Robert Kennedy Jr. To Join Dakota Access Pipeline Protests

Protesters against the construction of the Dakota Access oil pipeline block a highway in near Cannon Ball, N.D., on Wednesday, Oct. 26, 2016. Law enforcement officials have asked people protesting the Dakota Access oil pipeline to vacate an encampment on private land, and the protesters said no. Protesters are trying to halt construction of the … Continued

James MacPherson / Associated Press

Robert F. Kennedy Jr. is slated to join protesters of the Dakota Access pipeline in North Dakota.

Also Tuesday, activists have called for demonstrators to protest at Army Corps of Engineers offices and offices of banks that are financing the pipeline project. The protesters want President Barack Obama to permanently halt the construction of the $3.8 billion pipeline.

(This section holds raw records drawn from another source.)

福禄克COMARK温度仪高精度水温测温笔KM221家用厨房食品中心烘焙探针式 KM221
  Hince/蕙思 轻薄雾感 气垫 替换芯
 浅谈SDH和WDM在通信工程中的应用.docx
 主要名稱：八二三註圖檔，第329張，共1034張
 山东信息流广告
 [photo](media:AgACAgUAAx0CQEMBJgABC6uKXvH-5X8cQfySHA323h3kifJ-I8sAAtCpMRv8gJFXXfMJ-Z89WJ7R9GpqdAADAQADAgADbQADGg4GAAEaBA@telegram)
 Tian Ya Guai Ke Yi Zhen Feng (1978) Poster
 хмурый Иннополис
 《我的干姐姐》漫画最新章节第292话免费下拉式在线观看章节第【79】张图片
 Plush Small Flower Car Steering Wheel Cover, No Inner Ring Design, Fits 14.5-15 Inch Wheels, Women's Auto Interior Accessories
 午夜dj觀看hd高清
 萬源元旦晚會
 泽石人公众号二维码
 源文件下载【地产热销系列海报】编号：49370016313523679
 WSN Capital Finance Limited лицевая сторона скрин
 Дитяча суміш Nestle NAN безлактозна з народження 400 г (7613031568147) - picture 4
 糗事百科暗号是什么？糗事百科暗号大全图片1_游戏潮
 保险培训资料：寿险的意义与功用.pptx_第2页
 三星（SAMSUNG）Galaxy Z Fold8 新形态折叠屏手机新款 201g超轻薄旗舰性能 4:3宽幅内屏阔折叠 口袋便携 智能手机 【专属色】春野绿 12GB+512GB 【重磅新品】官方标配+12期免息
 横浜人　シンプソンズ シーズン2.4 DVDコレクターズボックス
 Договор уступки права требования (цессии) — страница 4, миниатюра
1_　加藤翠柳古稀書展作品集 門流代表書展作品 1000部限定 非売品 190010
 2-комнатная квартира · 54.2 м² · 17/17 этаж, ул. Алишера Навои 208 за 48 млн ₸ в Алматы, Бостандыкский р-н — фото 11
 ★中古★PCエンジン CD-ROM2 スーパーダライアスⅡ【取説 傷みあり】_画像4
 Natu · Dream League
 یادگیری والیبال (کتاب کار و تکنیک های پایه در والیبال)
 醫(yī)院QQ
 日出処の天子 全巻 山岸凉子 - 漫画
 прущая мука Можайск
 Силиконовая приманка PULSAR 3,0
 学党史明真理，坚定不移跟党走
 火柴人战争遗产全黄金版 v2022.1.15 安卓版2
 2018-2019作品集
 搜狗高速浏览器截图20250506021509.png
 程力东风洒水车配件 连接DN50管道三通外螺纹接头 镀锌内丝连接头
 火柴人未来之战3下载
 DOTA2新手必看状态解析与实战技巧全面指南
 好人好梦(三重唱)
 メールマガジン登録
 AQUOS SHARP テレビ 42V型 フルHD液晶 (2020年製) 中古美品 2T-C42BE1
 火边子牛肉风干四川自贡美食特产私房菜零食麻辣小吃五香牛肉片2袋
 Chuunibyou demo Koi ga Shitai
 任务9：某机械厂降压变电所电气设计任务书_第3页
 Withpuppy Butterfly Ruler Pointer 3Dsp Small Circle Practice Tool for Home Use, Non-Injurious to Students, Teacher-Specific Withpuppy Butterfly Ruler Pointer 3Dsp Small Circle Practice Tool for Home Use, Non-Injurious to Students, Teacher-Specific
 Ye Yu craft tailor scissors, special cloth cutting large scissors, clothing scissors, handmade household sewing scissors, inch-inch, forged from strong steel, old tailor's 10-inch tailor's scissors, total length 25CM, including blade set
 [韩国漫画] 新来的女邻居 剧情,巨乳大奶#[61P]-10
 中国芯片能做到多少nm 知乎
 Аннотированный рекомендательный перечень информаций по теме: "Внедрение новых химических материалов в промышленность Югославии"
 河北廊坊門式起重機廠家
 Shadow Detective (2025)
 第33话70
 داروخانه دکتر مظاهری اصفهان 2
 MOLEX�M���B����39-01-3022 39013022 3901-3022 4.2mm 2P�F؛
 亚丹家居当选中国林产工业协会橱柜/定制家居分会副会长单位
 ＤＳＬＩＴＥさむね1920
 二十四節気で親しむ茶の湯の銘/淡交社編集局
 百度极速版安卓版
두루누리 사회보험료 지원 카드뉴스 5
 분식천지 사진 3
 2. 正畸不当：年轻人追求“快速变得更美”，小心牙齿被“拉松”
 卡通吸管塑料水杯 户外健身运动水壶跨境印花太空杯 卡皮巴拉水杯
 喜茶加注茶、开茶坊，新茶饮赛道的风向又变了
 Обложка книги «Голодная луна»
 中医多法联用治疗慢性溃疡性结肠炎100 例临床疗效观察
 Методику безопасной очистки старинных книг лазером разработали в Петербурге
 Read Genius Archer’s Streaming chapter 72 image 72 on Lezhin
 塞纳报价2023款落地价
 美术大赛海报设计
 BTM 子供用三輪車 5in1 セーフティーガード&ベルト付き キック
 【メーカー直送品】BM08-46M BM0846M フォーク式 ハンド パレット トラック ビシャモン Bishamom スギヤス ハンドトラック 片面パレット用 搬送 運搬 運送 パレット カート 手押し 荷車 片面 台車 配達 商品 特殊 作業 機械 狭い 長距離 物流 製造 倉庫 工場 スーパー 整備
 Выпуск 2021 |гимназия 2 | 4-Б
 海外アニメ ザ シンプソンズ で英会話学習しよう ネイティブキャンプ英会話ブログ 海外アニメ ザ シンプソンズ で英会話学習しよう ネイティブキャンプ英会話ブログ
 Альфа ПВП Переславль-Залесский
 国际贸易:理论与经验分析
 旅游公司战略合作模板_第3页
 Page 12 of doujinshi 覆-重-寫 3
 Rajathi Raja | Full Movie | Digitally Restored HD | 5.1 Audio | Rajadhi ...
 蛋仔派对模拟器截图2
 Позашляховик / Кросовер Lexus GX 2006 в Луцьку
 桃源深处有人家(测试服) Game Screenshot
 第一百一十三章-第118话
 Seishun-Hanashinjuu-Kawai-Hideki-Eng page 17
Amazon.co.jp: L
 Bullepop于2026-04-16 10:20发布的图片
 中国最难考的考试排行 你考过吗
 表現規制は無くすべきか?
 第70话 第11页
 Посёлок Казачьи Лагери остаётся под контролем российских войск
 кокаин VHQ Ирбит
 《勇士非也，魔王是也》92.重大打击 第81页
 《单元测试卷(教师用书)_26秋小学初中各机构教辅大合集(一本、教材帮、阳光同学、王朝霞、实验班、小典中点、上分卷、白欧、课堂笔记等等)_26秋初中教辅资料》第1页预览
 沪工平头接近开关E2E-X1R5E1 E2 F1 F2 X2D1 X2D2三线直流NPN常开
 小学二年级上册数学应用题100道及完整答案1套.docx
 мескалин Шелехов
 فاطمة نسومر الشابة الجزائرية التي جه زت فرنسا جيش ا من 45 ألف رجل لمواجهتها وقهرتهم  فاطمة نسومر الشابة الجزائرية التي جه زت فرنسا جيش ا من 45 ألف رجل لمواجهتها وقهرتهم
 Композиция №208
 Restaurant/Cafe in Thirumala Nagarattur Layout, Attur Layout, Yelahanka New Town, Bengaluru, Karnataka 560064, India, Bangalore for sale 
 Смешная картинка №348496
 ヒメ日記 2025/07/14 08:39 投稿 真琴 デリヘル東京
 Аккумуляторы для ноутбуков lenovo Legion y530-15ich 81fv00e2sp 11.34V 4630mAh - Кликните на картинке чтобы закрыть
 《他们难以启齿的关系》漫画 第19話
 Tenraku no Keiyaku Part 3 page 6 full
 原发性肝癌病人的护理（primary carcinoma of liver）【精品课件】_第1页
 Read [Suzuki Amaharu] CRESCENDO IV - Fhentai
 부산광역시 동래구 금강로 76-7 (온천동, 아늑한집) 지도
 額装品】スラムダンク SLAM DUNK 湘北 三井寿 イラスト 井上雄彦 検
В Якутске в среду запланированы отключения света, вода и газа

Kennedy is an environmental attorney and president of the New York-based Waterkeeper Alliance, which seeks to protect watersheds worldwide.

The pipeline is to run beneath a Missouri River reservoir in North Dakota that provides drinking water to the Standing Rock Sioux tribe, which says the pipeline threatens drinking water and cultural sites.

The pipeline would deliver oil from North Dakota through South Dakota and Iowa to a shipping point in Illinois.